MCT supplementation of infant formula has no quantitative or qualitative effects on intragastric lipolysis, which is not higher in premature infant than in adults. The most important part of dietary TG digestion occurs, however, in the small intestine, where MCT might induce differences in residual glyceride lipolysis and fat absorption. We investigated intragastric lipolysis here using the tube that is normally used to feed newborns, and it is not possible to investigate duodenal lipolysis in the same way. It is therefore difficult to establish the contribution to lipolysis of the various lipases present in the intestine and their respective activities toward MCT.
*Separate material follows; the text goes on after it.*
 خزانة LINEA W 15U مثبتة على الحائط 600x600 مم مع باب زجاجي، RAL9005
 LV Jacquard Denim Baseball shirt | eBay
The fact that HGL mainly releases LCFA in the stomach is probably essential for pancreatic secretion to occur, even in very low levels, and for pancreatic lipase to subsequently act. LCFA, particularly oleic acid, are known to trigger the secretion of cholecystokinin (CCK), which in turns triggers exocrine pancreatic secretion (30). Because the cells producing CCK are located in the upper part of the duodenum, the first fatty acids released by HGL are probably important factors triggering CCK release. Moreover, the LCFA released by HGL trigger the lipolytic activity of pancreatic lipase on milk fat globules, which are not a good substrate for the latter lipase alone (7). The release of long-chain FFA by HGL in the stomach therefore seems to be a physiologic prerequisite for complete digestion to occur. Fortunately, the enrichment of infant formulas with MCT does not seem to impair this physiologic process.